_Assignment_.
Could you return, exactly as written, every line from the one containing "مانيتور ASUS مدل" through the last line of the entries below, leaving out the pictures?

Image-caption web data:
=== Section Start ===

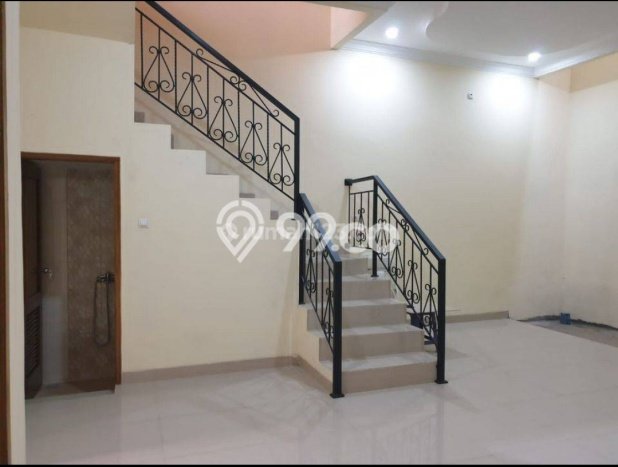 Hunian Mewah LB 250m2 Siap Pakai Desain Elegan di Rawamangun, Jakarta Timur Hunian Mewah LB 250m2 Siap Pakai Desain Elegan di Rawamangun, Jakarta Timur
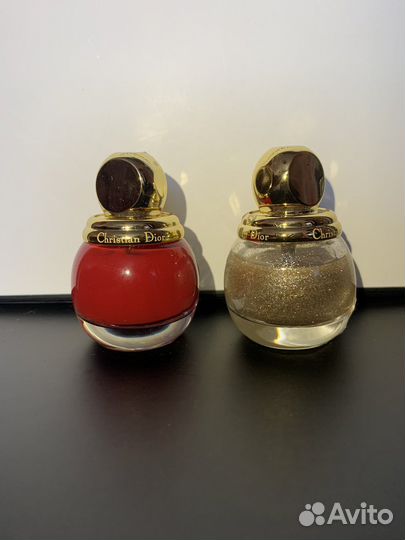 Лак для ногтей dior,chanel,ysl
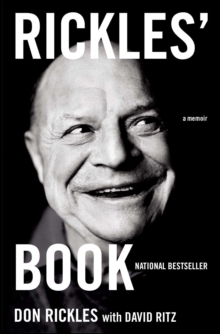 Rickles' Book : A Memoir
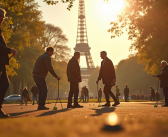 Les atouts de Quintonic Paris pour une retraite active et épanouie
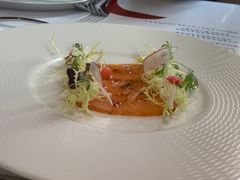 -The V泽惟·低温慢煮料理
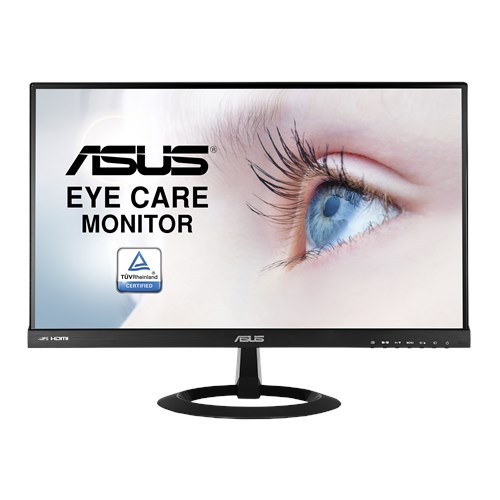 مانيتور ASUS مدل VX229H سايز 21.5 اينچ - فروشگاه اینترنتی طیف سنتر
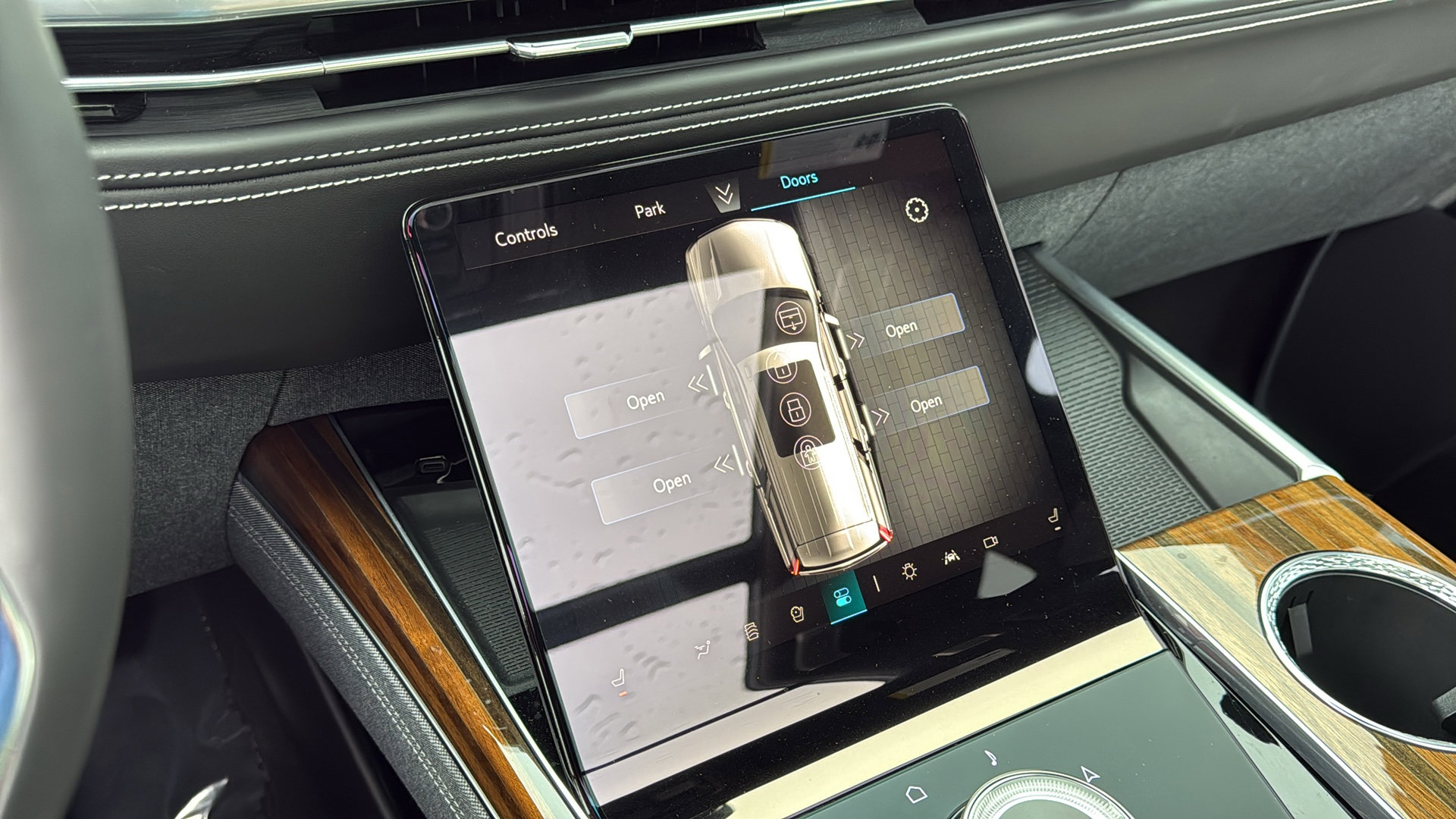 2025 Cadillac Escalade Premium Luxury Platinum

=== Section End ===

_Solution to this problem_.
 مانيتور ASUS مدل VX229H سايز 21.5 اينچ - فروشگاه اینترنتی طیف سنتر
 2025 Cadillac Escalade Premium Luxury Platinum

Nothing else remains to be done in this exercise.